Each Holder participating in such underwriting shall also enter into and perform
its obligations under such an agreement.
(f) Notice of Misstatement or Omission. Notify each Holder
covered by such Registration Statement at any time when a prospectus relating
thereto is required to be delivered under the Securities Act of the happening of
any event as a result of which the prospectus included in such Registration
Statement, as then in effect, includes an untrue statement of a material fact or
omits to state a material fact required to be stated therein or necessary to
make the statements therein not misleading in the light of the circumstances
then existing.
(g) Listing or Quotation. Cause all such Registrable
Securities registered pursuant to this Agreement to be listed on each securities
exchange on which similar securities issued by Parent are then listed.
(h) Transfer Agent: CUSIP. Provide a transfer agent and
registrar for all Registrable Securities registered pursuant hereunder and a
CUSIP number for all such Registrable Securities, in each case not later than
the effective date of such registration.
(i) Legal Opinion. Use commercially reasonable efforts to
furnish, at the request of any Holder requesting registration of Registrable
Securities pursuant to this Article 2, on the date that such Registrable
Securities are delivered to the underwriters for sale in connection with a
registration pursuant to this Article 2, if such securities are being sold
through underwriters, or, if such securities are not being sold through
underwriters, on the date that the Registration Statement with respect to such
securities becomes effective, (i) an opinion, dated such date, of the counsel
for Parent, in form and substance as is customarily requested by the
underwriters in an underwritten public offering, addressed to the underwriters,
if any, and to the Holders requesting registration of Registrable Securities and
(ii) a letter dated such date, from the independent certified public accountants
of Parent and any company acquired by Parent, in form and substance as is
customarily given by independent certified public accountants to underwriters in
an underwritten public offering, addressed to the underwriters, if any, and to
the Holders requesting registration of Registrable Securities.
2.6. Obligations of Holders.
(a) It shall be a condition precedent to the obligations of
Parent to take any action pursuant to this Article 2 with respect to the
Registrable Securities of any selling Holder that such Holder shall furnish to
Parent such information regarding itself, the Registrable Securities held by it,
and the intended method of disposition of such securities as shall be required
to effect the registration of such Holder's Registrable Securities.
(b) Parent shall have no obligation with respect to any
registration requested pursuant to Section 2.1 or 2.3 if the number of shares or
the anticipated aggregate
11
offering price of the Registrable Securities to be included in the registration
does not equal or exceed the number of shares or the anticipated aggregate
offering price required to originally trigger Parent's obligation to initiate
such registration as specified in Section 2.1(a) or 2.3(a), whichever is
applicable.
2.7. Assignment of Registration Rights.

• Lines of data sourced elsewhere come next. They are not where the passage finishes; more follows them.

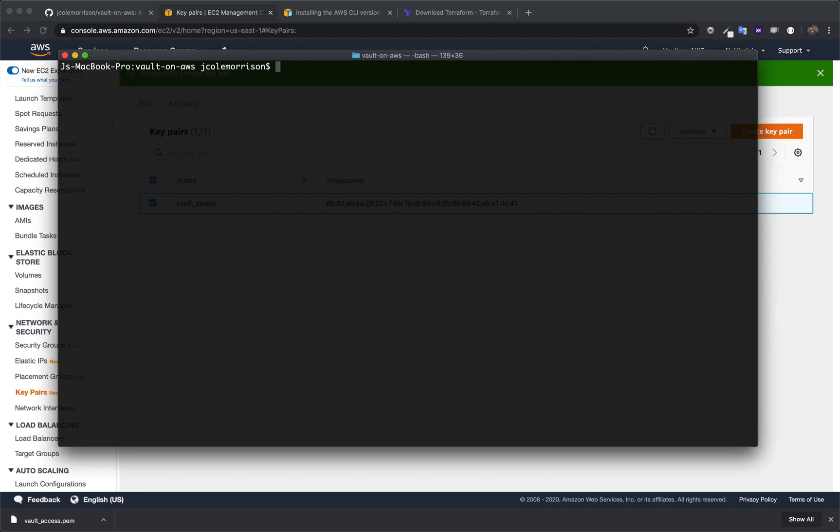And with that, we are done. We can now use that key pair. And like I said, super fast, super simple.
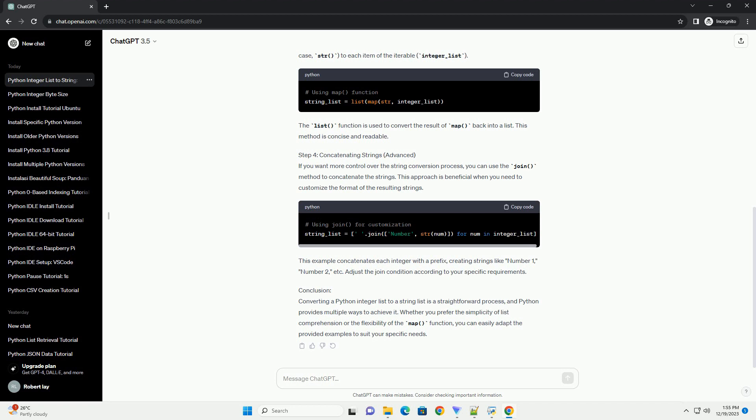This example concatenates each integer with a prefix, creating strings like 'number 1', 'number 2', etc. Adjust the join condition according to your specific requirements.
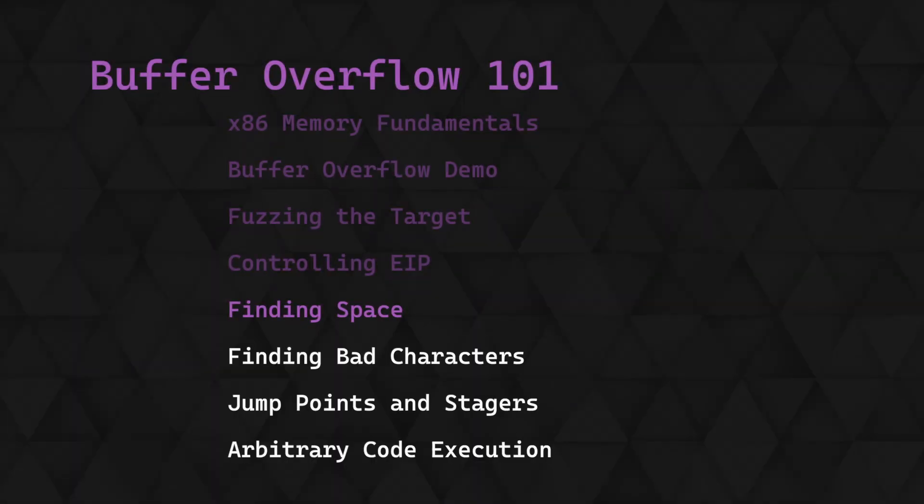This is the fifth video in a series covering the theory behind x86 buffer overflows, how they work and how they can be exploited. Last time we used a cyclical pattern to determine the return address offset on our target application, allowing us to control the EIP.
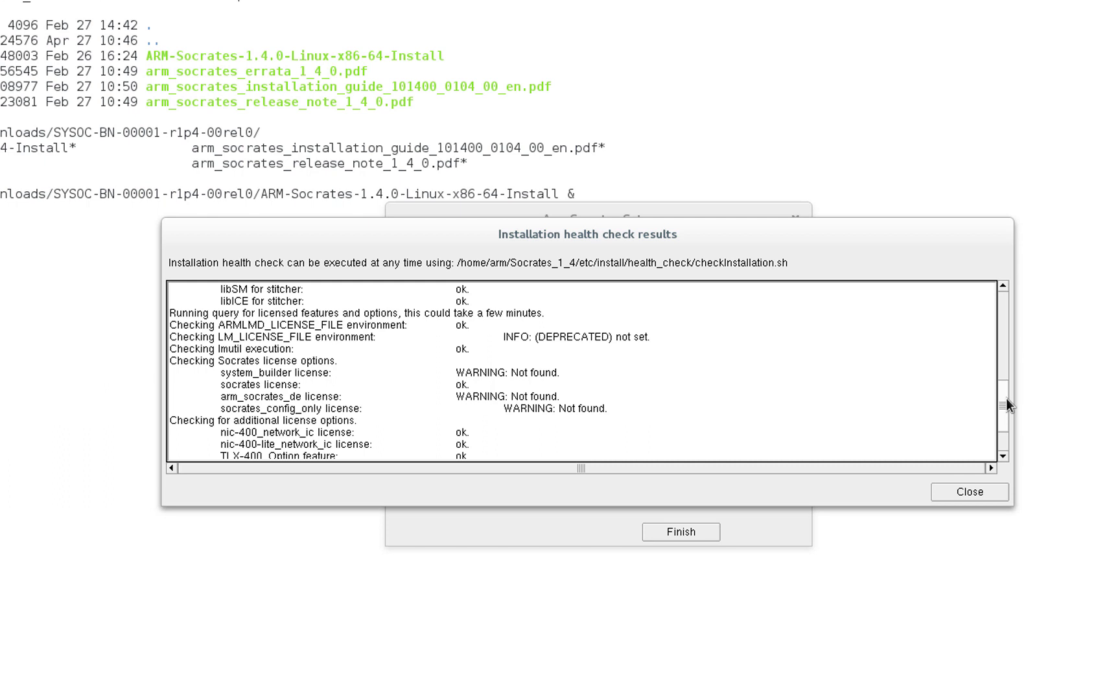So in our case, as you can see, all the necessary third-party libraries seem to be in place. You might see some license-related warnings, but in most cases, these are there due to the fact that for backward compatibility, the tool still supports some of the legacy licenses that were used by the old Socrates System Builder product that has been deprecated and replaced by this one.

The rights to cause
Parent to register Registrable Securities pursuant to this Article 2 may be
assigned (but only with all related obligations) by a Holder to a transferee or
assignee of such securities provided: (a) Parent is furnished with written
notice of the name and address of such transferee or assignee and the securities
with respect to which such registration rights are being assigned; (b) such
transferee or assignee agrees in writing to be bound by and subject to the terms
and conditions of this Agreement; and (c) such assignment shall be effective
only if immediately following such transfer the further disposition of such
securities by the transferee or assignee is restricted under the Securities Act.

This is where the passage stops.